Would YOU use a sperm donor you found on FB? Some of this has to go to the other end of the agreement. Yes, he should be sent away for many years, but dayum.

muriel_volestrangler

(101,311 posts)
8. He's not being sent away at all - he started the court proceedings
Thu Jun 2, 2022, 02:53 PM
Jun 2022

because he wanted access to the children.

The 37-year-old's application to have contact with four of his children was heard at Derby Crown Court.
...
He regularly met with the first child - named as R - between October 2019 and March 2020, despite signing an agreement prior to donating sperm that he would not have contact.
...
Within the document he did admit to having Fragile X syndrome but there was no explanation of what it meant.

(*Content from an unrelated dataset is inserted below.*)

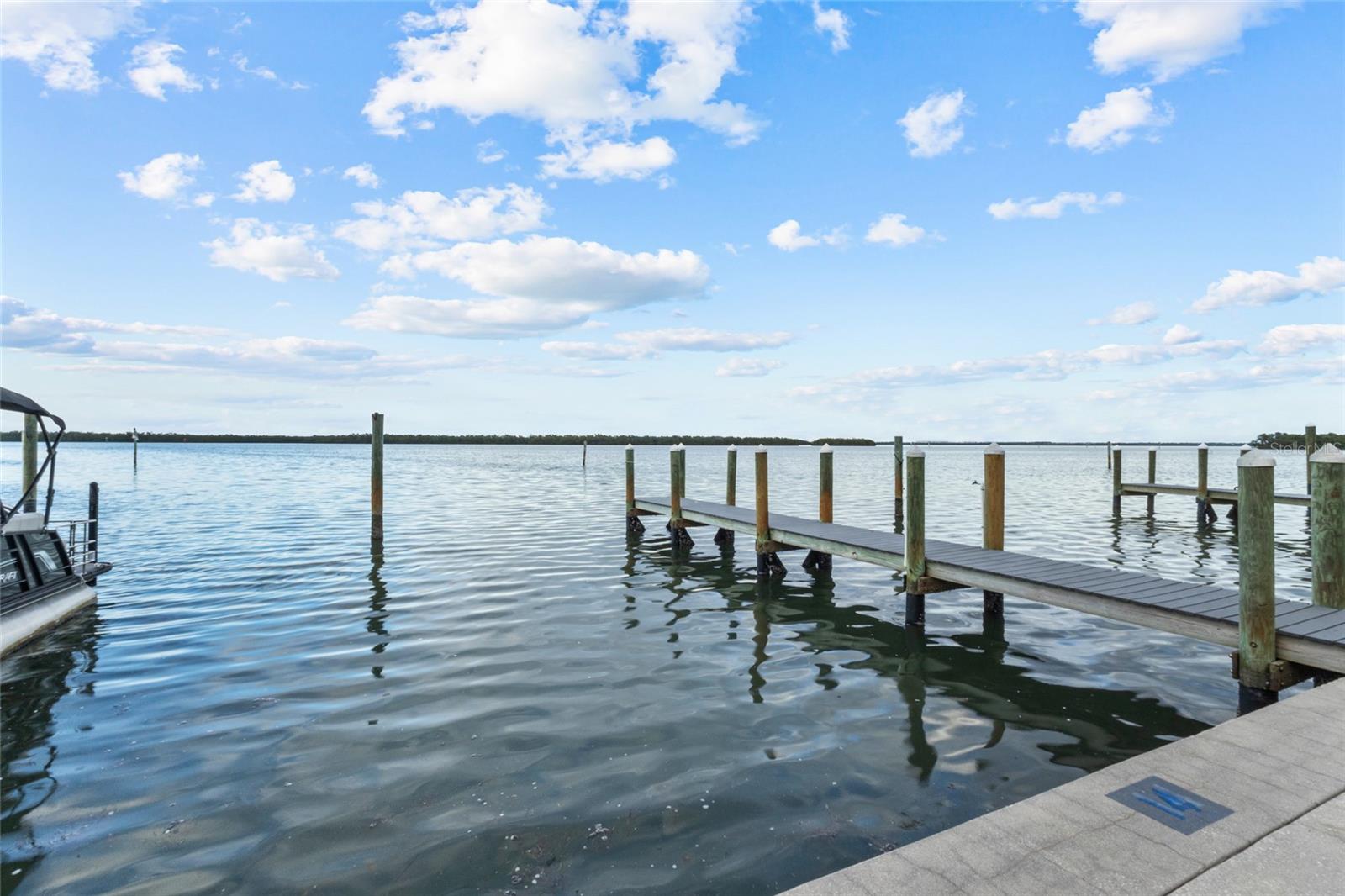 615 DREAM ISLAND PL #105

The 25-year-old mother, named as SW, struggled to read and said she did not look at all of the agreement.

https://www.bbc.co.uk/news/uk-england-derbyshire-61644195

There's a lot more at that link than I can excerpt - I suggest reading it all. Several bad decisions by several people.

muriel_volestrangler

(101,311 posts)
10. I don't know if you can listen to this outside the UK, but there was a BBC radio documentary series
Thu Jun 2, 2022, 03:00 PM
Jun 2022

recently, and it's still available here:

It costs £1000 for a vial of sperm from a licensed sperm bank, and one vial rarely does the job. But is price the only reason people go to the online fertility marketplaces?

For both Erika and Alex, knowing the other genetic half of their biological children is what took them to the internet's sperm donation marketplace. Erika, founder of the parenting connection site Pride Angel, wanted her child to know the donor. She also wanted the rest of the donor's family to be involved. Meanwhile, Alex recently joined Facebook's online donor groups because he wanted to know the people who will be raising his offspring, and maybe get the opportunity to visit every once in a while.

Shadow donor networks have been around for decades - excluded by clinics because of their sexuality, their marital status, or their desire to know the child - people whispered to friends and friends of friends at dinner parties and lecture halls. But with the dawn of the internet, these networks have expanded. Now, to access them, you simply need a web browser and a social media account.

Dr Aleks Krotoski has been tracking these sperm donor groups since 2018, and has seen both the rewards and the risks. Yes, there is the opportunity to meet a donor and the child's future parent, but this is an unregulated market dealing in a regulated material. Compelled to this underground world, the people who offer and receive put themselves and their future children in danger of exploitation and disease.

In this episode, Aleks asks, just because the internet lets us do it, should we?